In earlier postings, I (Clive) talked about the need to see teaching and teacher education in very broad terms; to see ourselves as ultimately helping students develop a satisfying, enjoyable or “happy” way of life. This week I came across some wonderful quotes from John Dewey along these lines.
The first is from Democracy and Education (Macmillan, 1916); it emphasizes that we can’t separate our philosophy or theory of education from our philosophy of life.
“[P]hilosophy is at once an explicit formulation of the various interests of life and a propounding of points of view and methods through which a better balance of interests may be effected. Since education is the process through which the needed transformation may be accomplished…philosophy is the theory of education as deliberately conducted in practice” (p. 387).
Two further quotes are from Theory of the Moral Life (Holt, Rinehart & Winston, 1960, orig. 1908, revised 1932).

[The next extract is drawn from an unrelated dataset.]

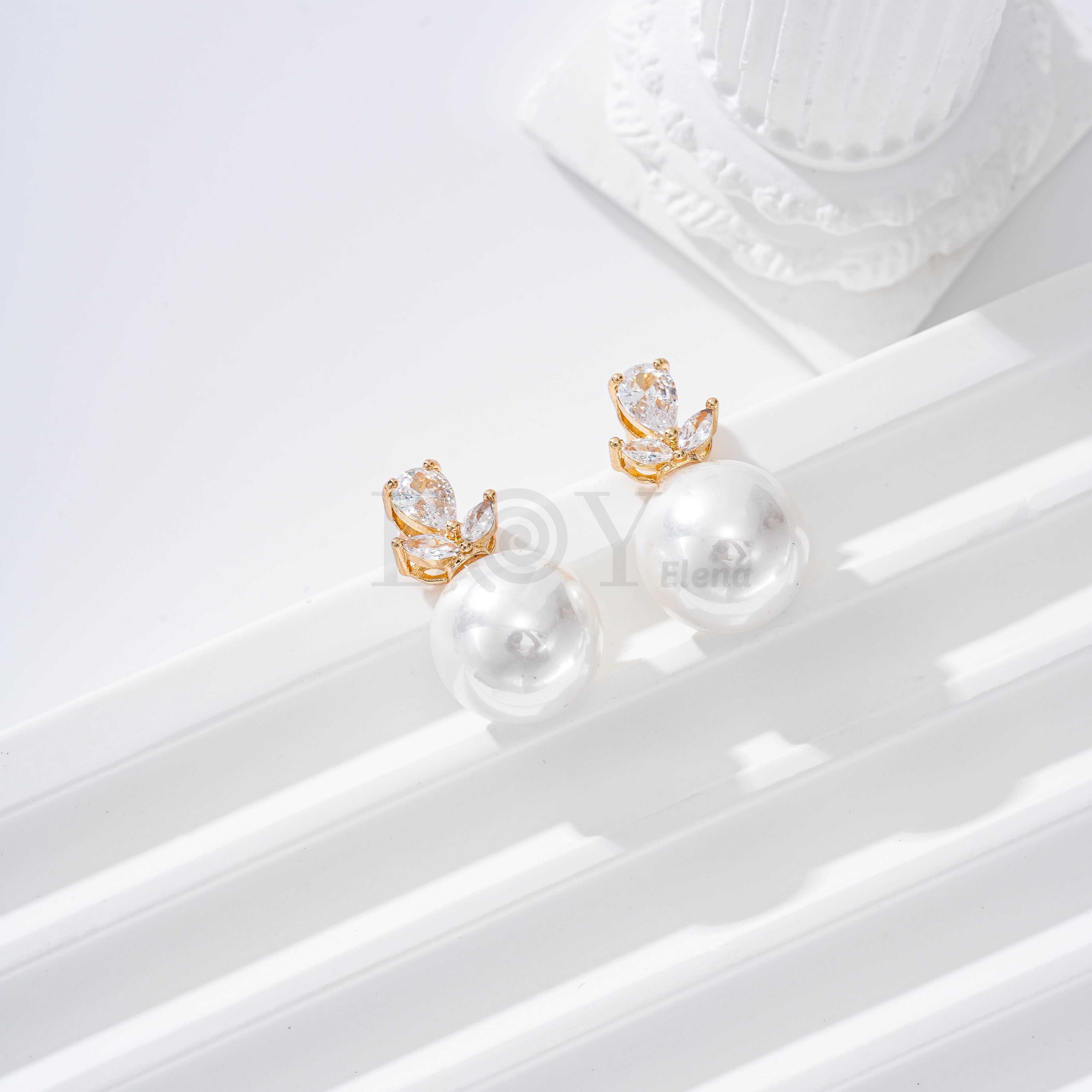 Pendientes flor y perla goldfield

They emphasize again the need for a comprehensive philosophy of life and education, and show the connection between this philosophy and human enjoyment, satisfaction, happiness.
“In isolation, one enjoyment cannot be said to be higher or lower than another…a satisfaction which is seen, by reflection based on large experience, to unify in a harmonious way [one’s] whole system of desires is higher in quality than a good which is such only in relation to a particular want in isolation [satisfactions of the former type together constitute “happiness”] (p. 44). … The office of reflection [is] the formation of a judgment of value in which particular satisfactions are placed as integral parts of conduct as a consistent harmonious whole” (p. 60).
Dewey notes, however, that our philosophy of life and education is never complete: it is always a work in progress.
“The business of reflection in determining the true good cannot be done once for all…. It needs to be done over and over and over again, in terms of the conditions and concrete situations as they arise” (p. 62).